Copy the records word for word, omitting all pictures.

Short web captions:
*** Block opens ***
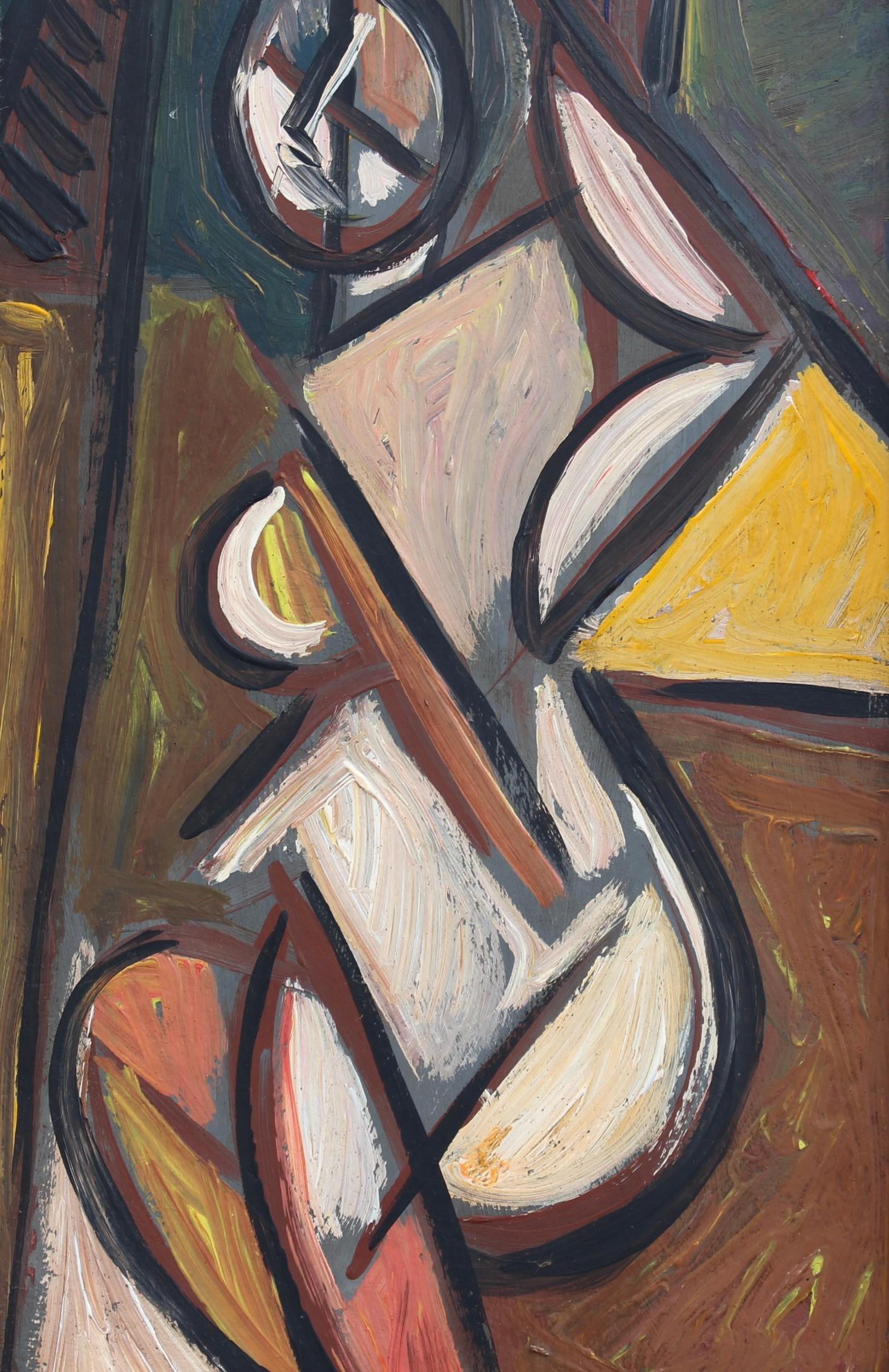 'Radiant Muse: Inspired Cubist Portrait', German School (circa 1970s) For Sale 3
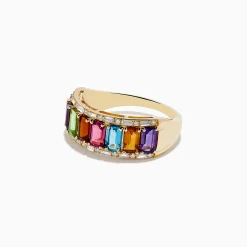 Rings|Effy Jewelry Mosaic 14K Yellow Gold Multi Gemstone and Diamond Ring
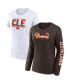 Фото #1 товара Women's Brown, White Cleveland Browns Two-Pack Combo Cheerleader T-shirt Set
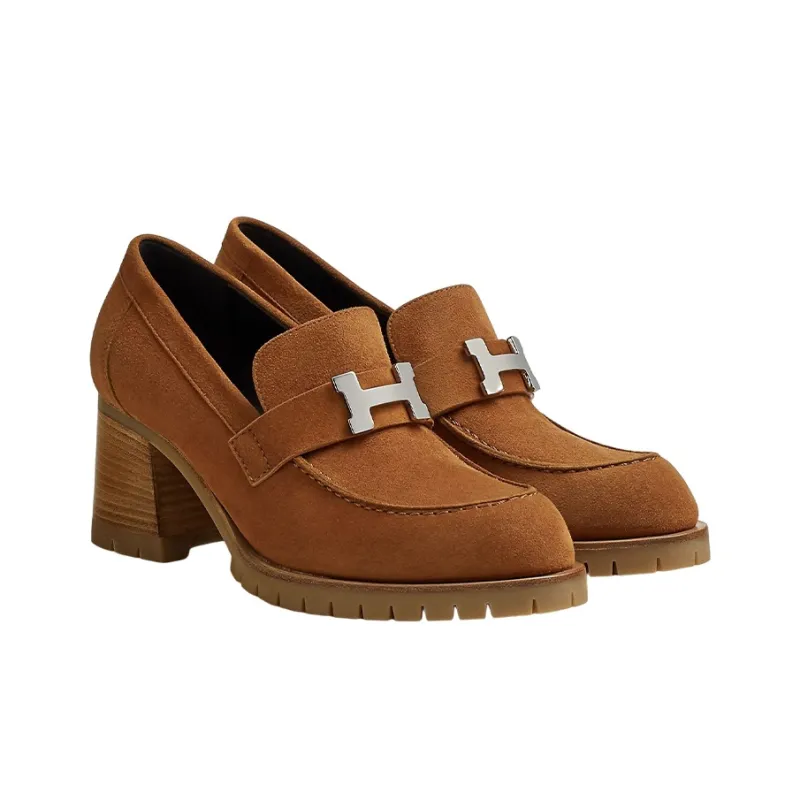HERMES Chunky Heel High Heels 6cm Women's Brown-2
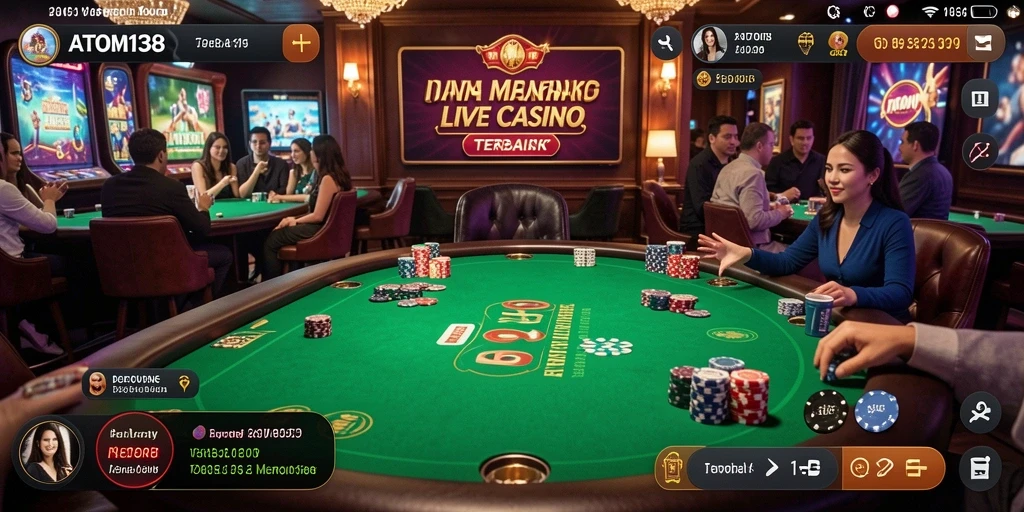 Tampilan gameplay ATOM138 yang mendebarkan dengan dealer langsung.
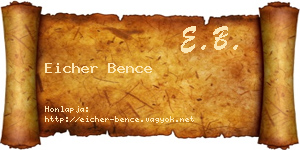 Eicher Bence névjegykártya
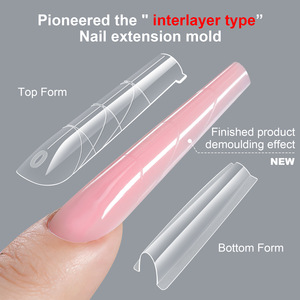 UV Quick Extension Gel Nail Mold Sandwich Dual Form Paperless Support Crystal <b>Builder</b> Gel Construction Nail Extension Mold - Product Image 2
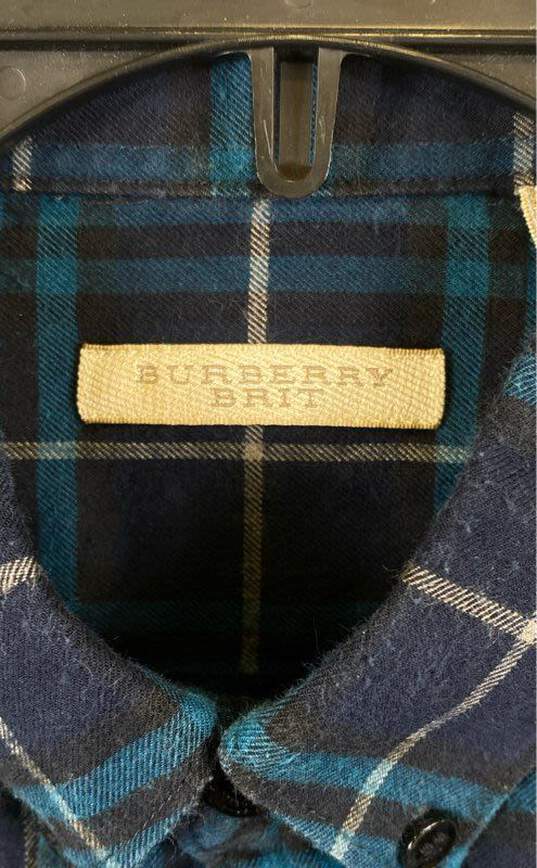 Burberry Men Blue Plaid Button Up Shirt S image number 3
*** Block closes ***
Finished task:
 'Radiant Muse: Inspired Cubist Portrait', German School (circa 1970s) For Sale 3
 Rings|Effy Jewelry Mosaic 14K Yellow Gold Multi Gemstone and Diamond Ring
 Фото #1 товара Women's Brown, White Cleveland Browns Two-Pack Combo Cheerleader T-shirt Set
HERMES Chunky Heel High Heels 6cm Women's Brown-2
 Tampilan gameplay ATOM138 yang mendebarkan dengan dealer langsung.
 Eicher Bence névjegykártya
 UV Quick Extension Gel Nail Mold Sandwich Dual Form Paperless Support Crystal <b>Builder</b> Gel Construction Nail Extension Mold - Product Image 2
 Burberry Men Blue Plaid Button Up Shirt S image number 3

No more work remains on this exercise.